Heinz Mack
Seven decades after helping to overturn the conventions of postwar European art, Heinz Mack is returning to one of his oldest preoccupations: the elusive relationship between colour, light and time.
This September, as Berlin Art Week takes over the German capital, the 95-year-old artist will present Spectrum Mundi, an exhibition of 24 new paintings inside the St Matthäus Church. Each work corresponds to an hour in the daily cycle, moving through the shifting rhythms of light from morning brightness to the darker tones of evening.

For an artist whose career began amid the cultural ruins of postwar Germany, the concern with light has been remarkably persistent. Mack was a co-founder, with Otto Piene, of the ZERO movement in 1957, an avant-garde group that sought nothing less than a new beginning for European art. The name itself was a declaration of intent: zero as a point of departure, a moment after the countdown and before something new begins.
The movement rejected much of the emotional weight and gestural expression that had dominated art after the Second World War. In its place came light, movement, space and elemental materials. Mack's experiments with reflective surfaces, reliefs and sculpture helped establish him as one of the defining figures of the European postwar avant-garde, and his work would eventually extend beyond the gallery into deserts and landscapes.
Yet painting has had a more complicated place in his career. Mack largely abandoned the medium in 1966, turning instead towards reliefs, sculpture and Land Art. It was not until 25 years later that he returned to painting, beginning an extensive new body of work in which colour became a central subject after decades spent working predominantly with a monochromatic palette.
The resulting Chromatic Constellations, begun in 1991, explore what happens when colour is freed from the obligation to depict anything recognisable. Pigment, transparency and light create their own movement and depth, with the relationship between colours determining the structure of each composition rather than a rigid predetermined system.
For Spectrum Mundi, Mack has created 24 paintings over the course of the past year. Deliberately uniform in scale and dimensions, they correspond to the 24 hours of the day, although each possesses its own chromatic identity. The title takes its meaning from the Latin spectrum, referring both to a range of colour and to an image formed within the imagination.

The setting is significant. St Matthäus Church stands in Berlin's Kulturforum, surrounded by some of the city's most important cultural institutions. Its religious architecture offers an unusually contemplative setting for paintings concerned with light, temporality and permanence, themes that have occupied both artists and theologians for centuries.
Mack himself has described the 24-hour structure as a meditation on the contrast between art's changing fortunes and the permanence of the natural cycle. Artistic movements come and go, reputations rise and fall, and what one generation considers revolutionary may become art history for the next. The sun, meanwhile, continues its daily journey.

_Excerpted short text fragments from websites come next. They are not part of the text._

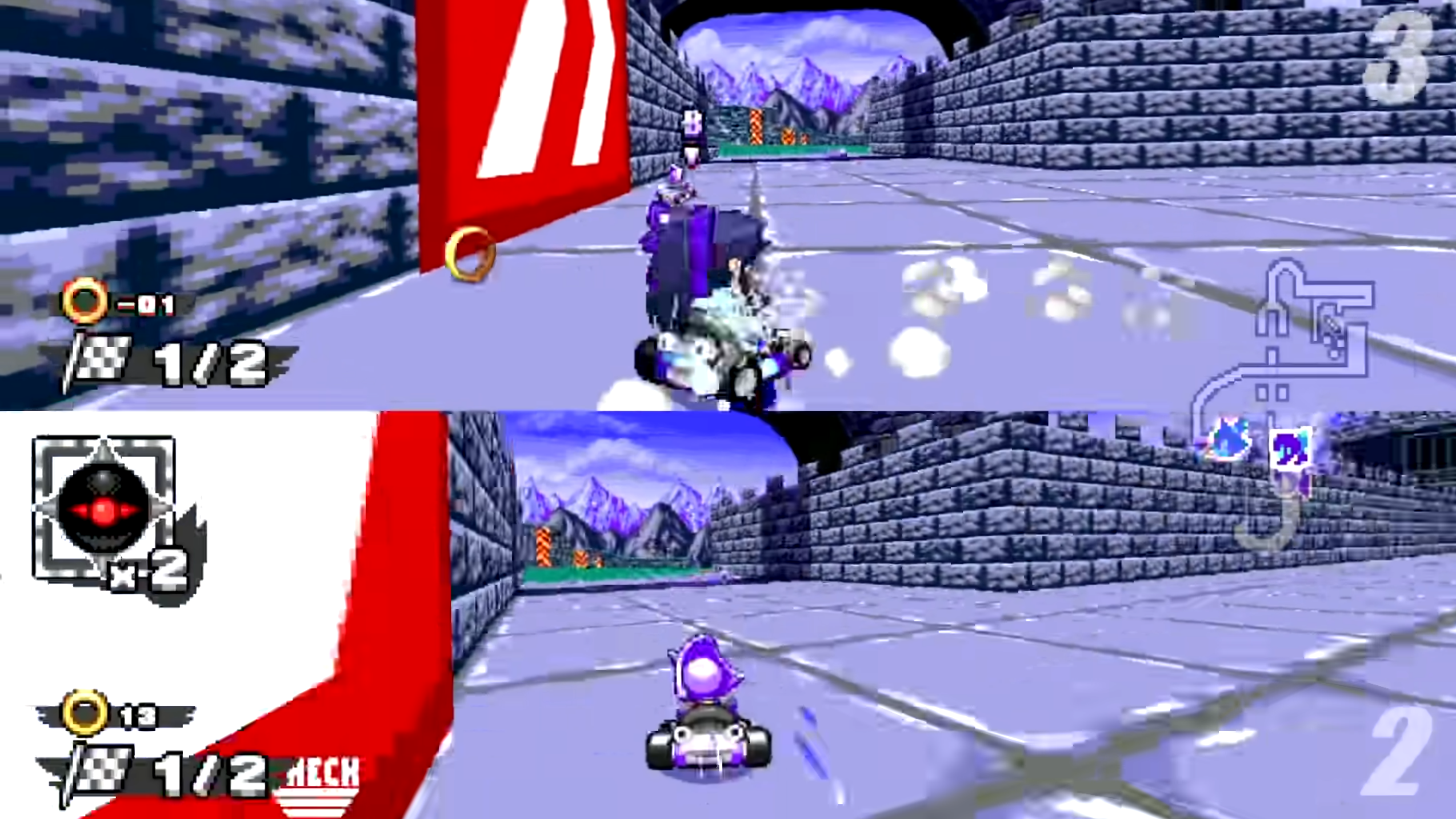 Dr. Robotnik’s Ring Racers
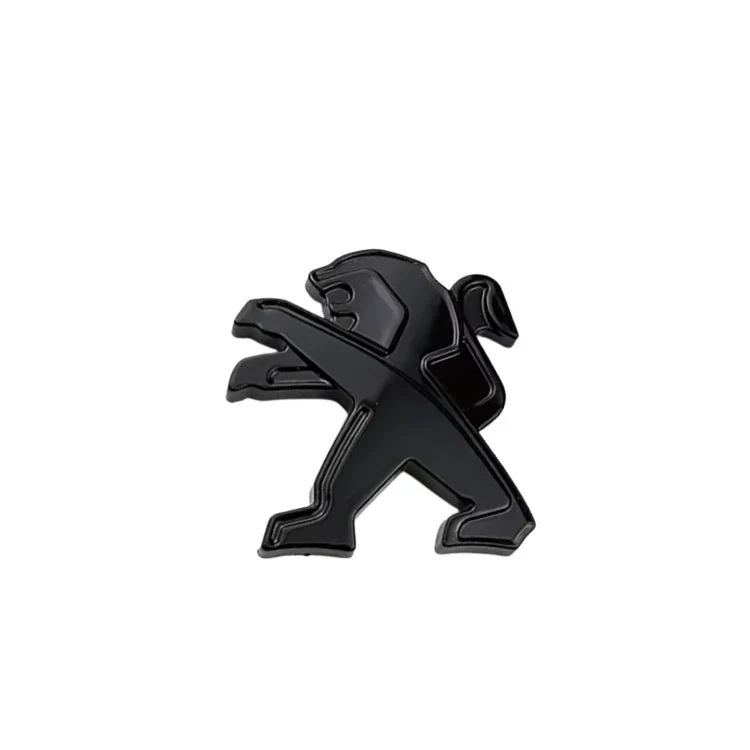 Logo Peugeot 3D Autocollant Volant Coffre Calandre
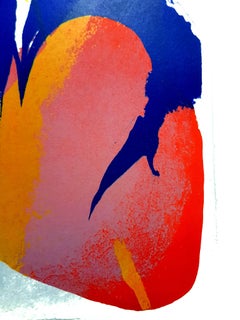 Paul Jenkins - Composition - Original Lithograph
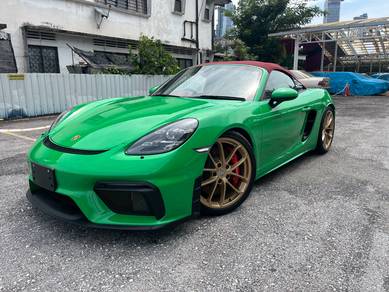 2021 Porsche 718 SPYDER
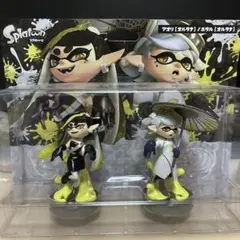 amiibo シオカラーズセット(アオリ[オルタナ]/ホタル[オルタナ]) ス…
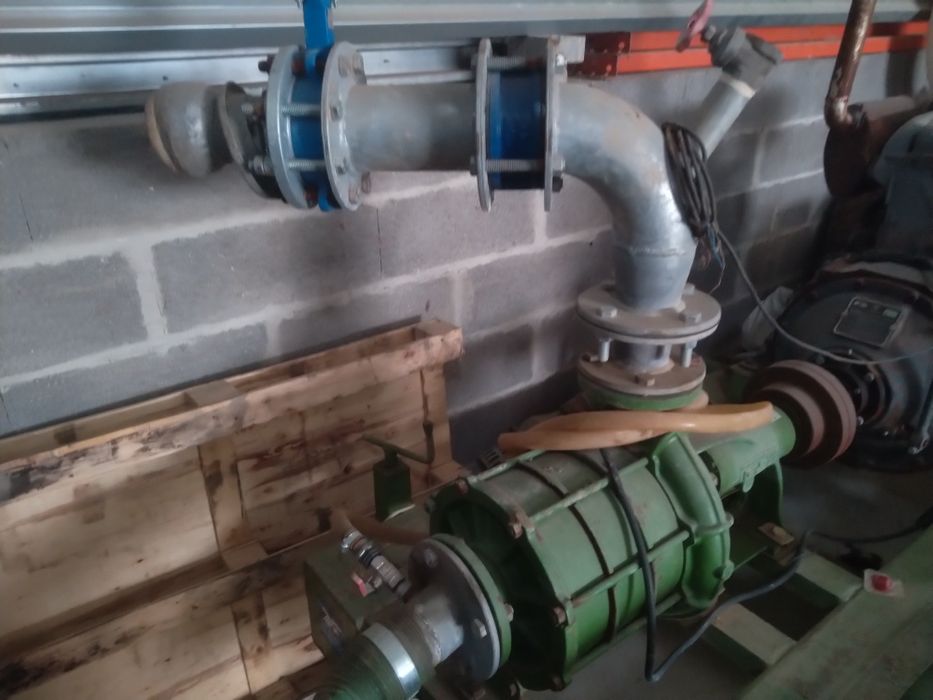 Moto-bomba e gerador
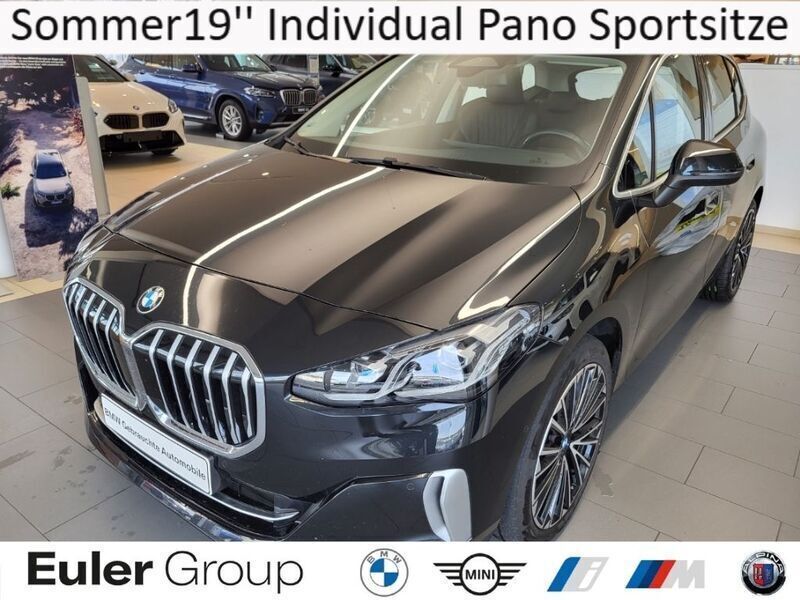 Schwarz Gebraucht 2023 BMW 218 Active Tourer Efficient Dynamics Van / Kleinbus | 29.933 € (Superpreis) - Bild 1/4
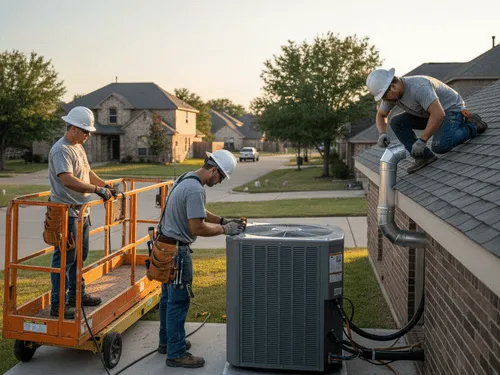 Webster, TX HVAC Services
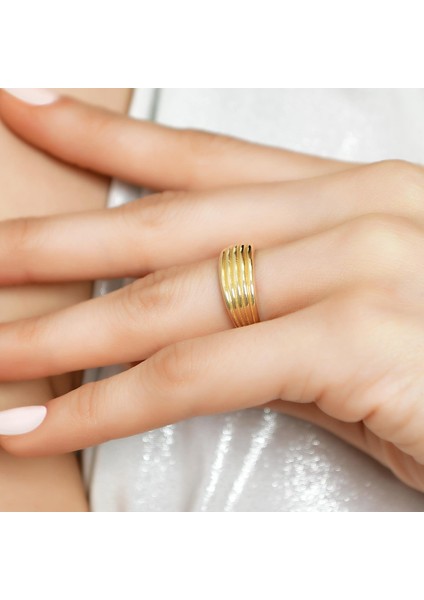 14 Ayar Altın Burgu Model Yüzük fiyatları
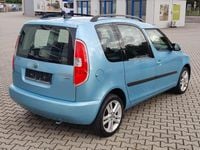 Gebraucht Skoda Roomster 105 PS (77 kW) 2011 Blau Van / Kleinbus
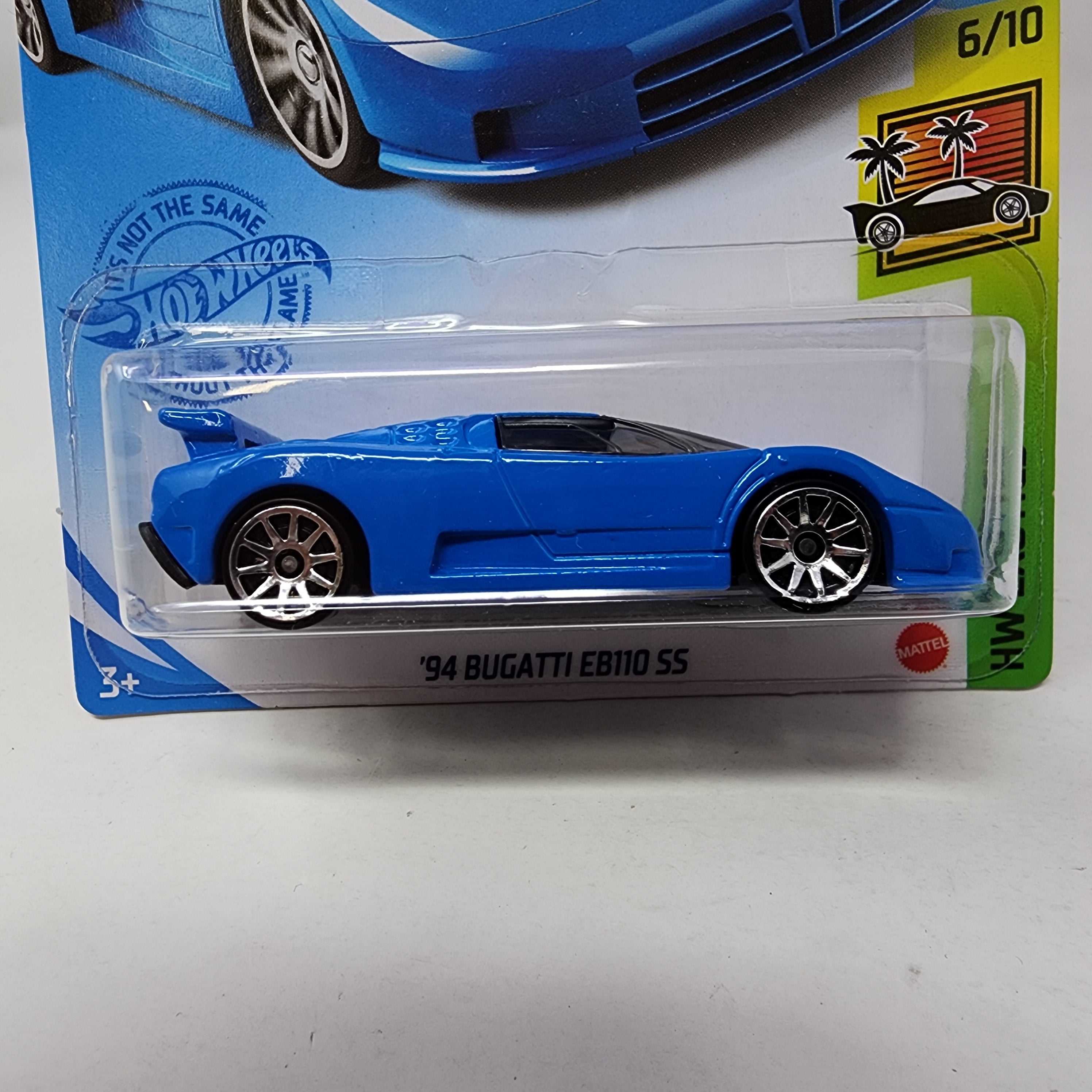 '94 Bugatti EB110 SS #224 * Blue * Hot Wheels 2021、mySite、hgirdovlk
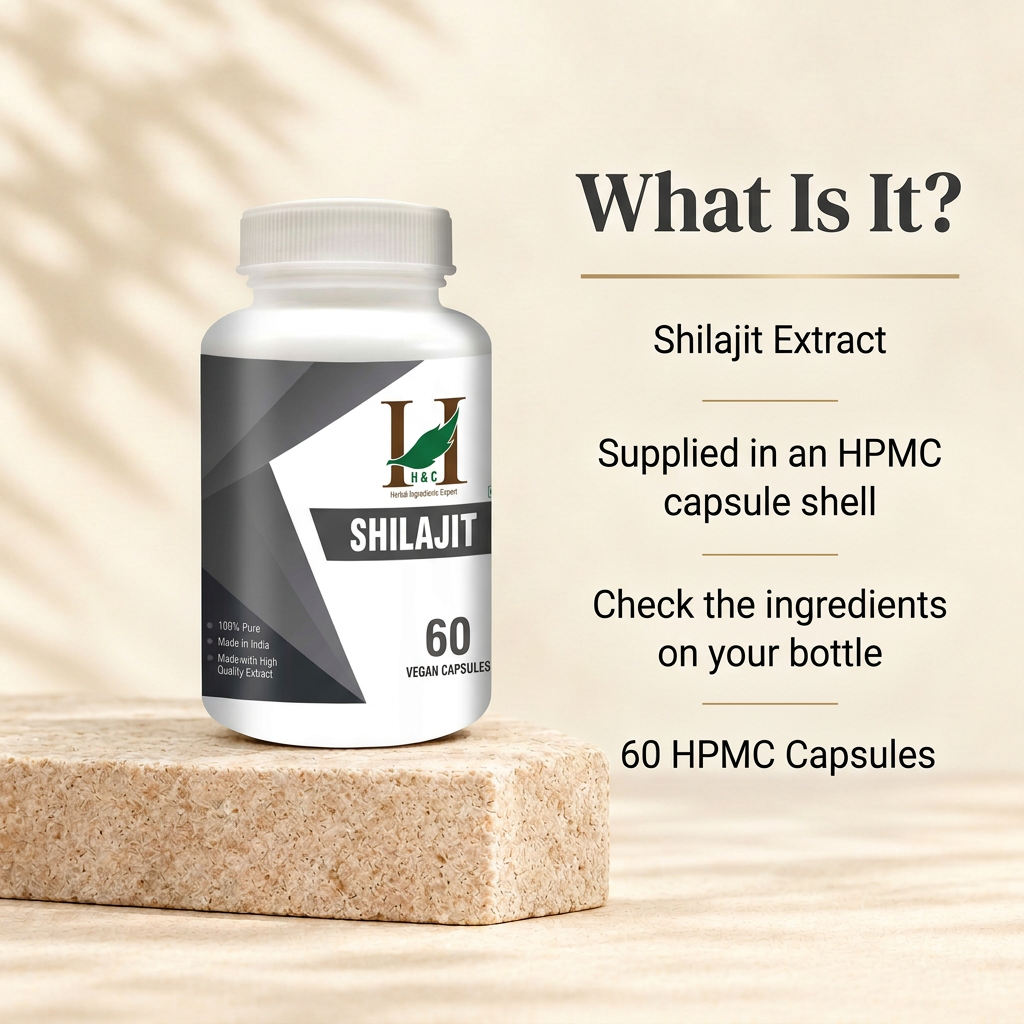 Shilajit capsules 2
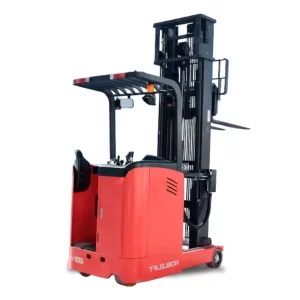 Apilador con reach RT16/20 de 1.6 y 2 toneladas Noblemaq Montacargas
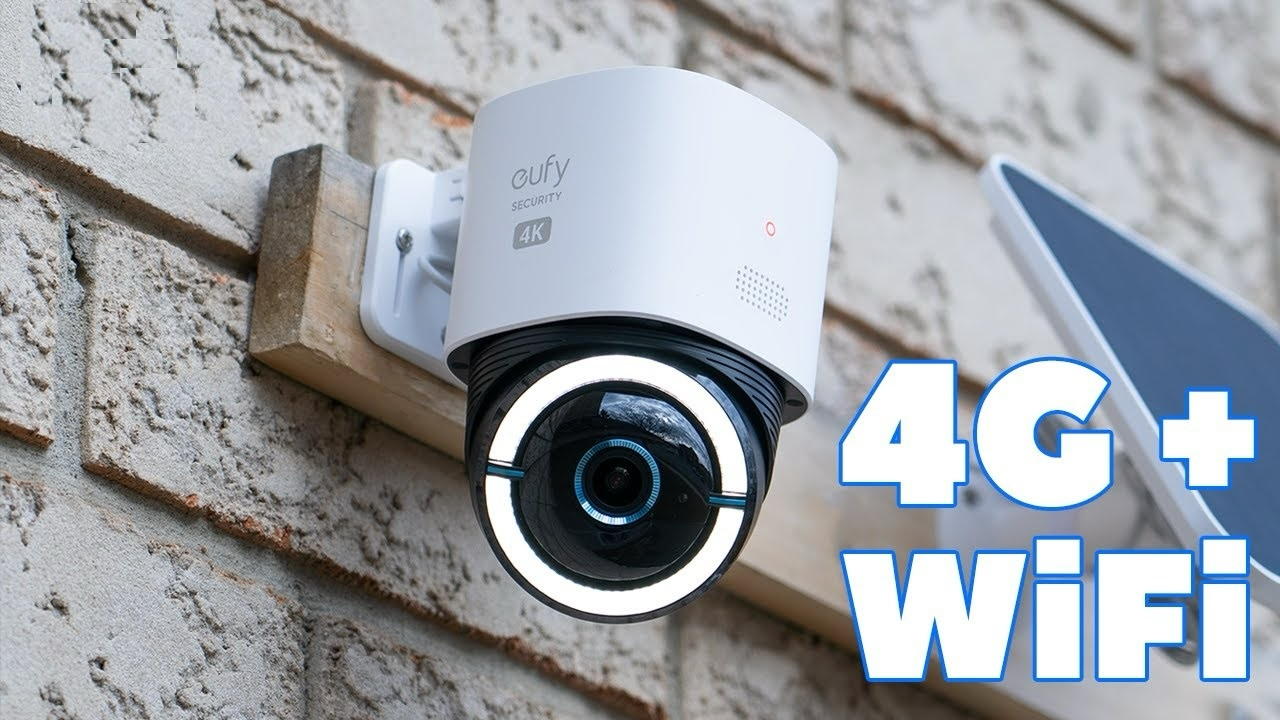 Wat een uitvinding, camera zonder stroom en wifi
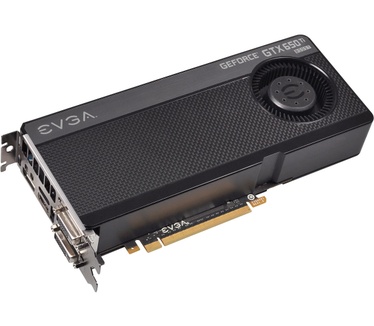 EVGA GeForce GTX 650 Ti Boost 1GB Superclocked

"As is well known, art captures people's interest only 'temporarily', and art-historical movements also give rise to a sort of 'tempi passati', typical of our fast-paced times," Mack has said. "The 24-hour aspect, of course, has been true since time immemorial. The sun's daily cycle lasts 24 hours."
There is something particularly fitting about such a preoccupation in the year of Mack's 95th birthday. He has lived long enough to see the movement he helped create pass from rebellion into the canon of modern art, while continuing to produce new work rather than merely revisiting his own history.
The ZERO movement sought to begin again, stripping art back to light, movement and fundamental experience. Nearly 70 years later, Mack is still pursuing those questions. Spectrum Mundi may be concerned with the passage of a single day, but behind its 24 paintings lies the work of a lifetime.
Spectrum Mundi will be on display at St Matthäus Church in Berlin from September 3 to 13, 2026, during Berlin Art Week.